How to do model.generate() in evaluation steps with Trainer + FSDP?


I’m training a large GPT2 based causal language model on multiple GPUs using pytorch’s FullyShardedDataParallel (FSDP) strategy. I enabled FSDP in HuggingFace Trainer by passing
the following arguments:

    "fsdp": "full_shard auto_wrap"
    "fsdp_config": {
        "fsdp_transformer_layer_cls_to_wrap": ["GPT2Block"]

With FSDP, the model can be distributed into multiple GPUs with shards and it is successfully trained. Now I want to add an evaluation step to the trainer. I don’t just want to compute the perplexity or accuracy score by getting the argmax of each logit. I want to do an end-to-end evaluation by calling the model’s generate method and generate outputs autoregressively. I couldn’t figure out a way to call model.generate, or equivalent methods in the evaluation step.

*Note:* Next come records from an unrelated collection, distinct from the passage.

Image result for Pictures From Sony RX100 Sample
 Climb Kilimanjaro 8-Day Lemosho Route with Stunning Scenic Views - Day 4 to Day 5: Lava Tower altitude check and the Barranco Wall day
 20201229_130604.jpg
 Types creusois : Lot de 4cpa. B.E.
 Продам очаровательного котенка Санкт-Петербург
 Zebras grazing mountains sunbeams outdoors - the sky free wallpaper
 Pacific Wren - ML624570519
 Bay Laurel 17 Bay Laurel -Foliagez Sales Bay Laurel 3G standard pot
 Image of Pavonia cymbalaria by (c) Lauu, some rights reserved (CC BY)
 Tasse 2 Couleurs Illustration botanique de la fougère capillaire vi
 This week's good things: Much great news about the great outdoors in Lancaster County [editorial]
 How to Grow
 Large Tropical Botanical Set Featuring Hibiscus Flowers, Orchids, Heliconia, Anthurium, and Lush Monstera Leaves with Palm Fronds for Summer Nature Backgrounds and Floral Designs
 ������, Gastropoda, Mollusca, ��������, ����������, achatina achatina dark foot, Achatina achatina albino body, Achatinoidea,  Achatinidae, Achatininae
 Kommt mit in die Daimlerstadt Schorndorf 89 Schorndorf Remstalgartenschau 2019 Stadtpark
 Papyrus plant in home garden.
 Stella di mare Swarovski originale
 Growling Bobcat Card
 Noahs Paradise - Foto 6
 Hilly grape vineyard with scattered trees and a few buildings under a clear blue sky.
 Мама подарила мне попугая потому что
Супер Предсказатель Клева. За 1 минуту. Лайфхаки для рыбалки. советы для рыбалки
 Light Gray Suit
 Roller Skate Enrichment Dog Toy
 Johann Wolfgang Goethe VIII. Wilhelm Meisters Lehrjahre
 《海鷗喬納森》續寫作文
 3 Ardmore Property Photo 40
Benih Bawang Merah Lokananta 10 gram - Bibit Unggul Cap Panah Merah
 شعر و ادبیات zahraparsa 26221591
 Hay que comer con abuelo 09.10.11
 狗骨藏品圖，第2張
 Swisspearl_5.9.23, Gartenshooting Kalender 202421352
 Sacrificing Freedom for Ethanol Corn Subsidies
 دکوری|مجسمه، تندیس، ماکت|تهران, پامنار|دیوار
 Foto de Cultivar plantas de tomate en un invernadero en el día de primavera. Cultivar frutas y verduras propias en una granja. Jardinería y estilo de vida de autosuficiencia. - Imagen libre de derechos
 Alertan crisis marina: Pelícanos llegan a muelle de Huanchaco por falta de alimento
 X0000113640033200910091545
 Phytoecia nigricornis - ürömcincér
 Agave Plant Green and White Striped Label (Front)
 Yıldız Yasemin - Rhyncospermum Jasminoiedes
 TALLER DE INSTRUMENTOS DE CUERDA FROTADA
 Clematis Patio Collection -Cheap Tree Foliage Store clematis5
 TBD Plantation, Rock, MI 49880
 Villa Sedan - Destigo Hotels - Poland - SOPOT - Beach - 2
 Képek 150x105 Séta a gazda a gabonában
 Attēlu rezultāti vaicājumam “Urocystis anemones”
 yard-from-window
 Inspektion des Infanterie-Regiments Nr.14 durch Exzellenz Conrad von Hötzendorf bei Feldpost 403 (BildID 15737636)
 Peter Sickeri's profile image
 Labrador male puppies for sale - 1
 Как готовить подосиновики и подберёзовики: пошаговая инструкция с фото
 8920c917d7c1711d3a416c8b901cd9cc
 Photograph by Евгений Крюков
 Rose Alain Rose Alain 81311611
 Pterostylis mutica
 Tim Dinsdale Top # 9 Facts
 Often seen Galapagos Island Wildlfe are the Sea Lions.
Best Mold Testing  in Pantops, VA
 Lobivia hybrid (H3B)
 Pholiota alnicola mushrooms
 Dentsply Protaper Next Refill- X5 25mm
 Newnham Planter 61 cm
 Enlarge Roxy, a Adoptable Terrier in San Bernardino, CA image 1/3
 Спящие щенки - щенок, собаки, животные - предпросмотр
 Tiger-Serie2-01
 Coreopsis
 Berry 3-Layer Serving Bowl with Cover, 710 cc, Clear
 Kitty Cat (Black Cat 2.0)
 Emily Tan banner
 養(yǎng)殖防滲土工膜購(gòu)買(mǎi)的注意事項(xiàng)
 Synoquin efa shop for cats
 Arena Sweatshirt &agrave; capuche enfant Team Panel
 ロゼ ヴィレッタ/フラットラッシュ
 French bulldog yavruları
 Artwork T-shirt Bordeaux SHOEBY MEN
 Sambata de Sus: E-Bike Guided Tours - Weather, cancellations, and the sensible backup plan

Below are what I have tried.

To do this custom evaluation, I subclassed the Trainer class:

class CustomTrainer(Trainer):
    def evaluate(
            eval_dataset = None,
            ignore_keys = None,
            metric_key_prefix: str = "eval",

        # only take one example for illustration
        input_ids = torch.tensor([self.eval_dataset[0]['input_ids']]).to(f"cuda:{self.args.local_rank}")
        output = self.model.generate(input_ids)
        return {"my_fancy_metric": 1.0}

If I don’t have the .to(f"cuda:{self.args.local_rank}") part, I will get an error message saying:

RuntimeError: Expected all tensors to be on the same device, but found at least two devices, cuda:1 and cpu! (when checking argument for argument index in method wrapper__index_select)

This is understandable, since the input_ids tensor is on cpu and the models are distributed on different GPUs. But after adding .to(f"cuda:{self.args.local_rank}"), I got:

RuntimeError: The tensor has a non-zero number of elements, but its data is not allocated yet. Caffe2 uses a lazy allocation, so you will need to call mutable_data() or raw_mutable_data() to actually allocate memory.

I also tried calling the pipeline("text-generation") with text input but got the same behavior.

So how can I properly call the model.generate method in evaluation steps with Trainer and FSDP?